No way would I expect them to change the garden, we just have to be vigilant.

herbietea Mon 04-May-09 21:09:02

Message withdrawn

pippylongstockings Mon 04-May-09 21:10:47

My feet are placed in both camps.

I would be pee'd off if it was my parents - if they have 5 small grandchildren, then a little bit of child friendly behavour is not unreasonable - not asking them to change their whole house forevermore but in the short term do they really need it to be so un-toddler-friendly?

Also tho' as parents we often under-estimate what children can and can not do.

I think I would be pee'd orf if asked to do it, but having raised children of my own and presuming I loved/cared for the well being of my grandchildren I wouldn't mind child proofing my home for a few short years. My mum and PIL have stair gates, high chairs, toys, etc for the grandchildren. Thats normal is it not ?
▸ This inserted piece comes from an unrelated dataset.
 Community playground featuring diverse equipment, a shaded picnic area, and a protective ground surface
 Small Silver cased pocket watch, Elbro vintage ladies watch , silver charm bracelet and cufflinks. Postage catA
Niftyblue Mon 04-May-09 21:14:24

Don`t think your Dh is right

PIL have just got their lounge decorated in white walls sofas etc etc
totally inapprapiate(sp) for gcs

The kids are`nt allowed in with shoes drinks food etc etc
touch nothing!

They have waited years to get the lounge how they wanted it
after bringing up 4 kids and doing without nice things
I respect their choice and deal with it

fraggletits Mon 04-May-09 21:15:17

purpleduck I said exactly that to DH about was he prepared to mow their lawn for them.....that's when he asked couldn't they take away all the steps and keep the flat concrete.......or worse.....astroturf? Jesus!

Custardo you're right, I married a loon!

Urrgh, even worse, the 'told you so' attitude when one of them inevitably falls and momentarily hurts themselves.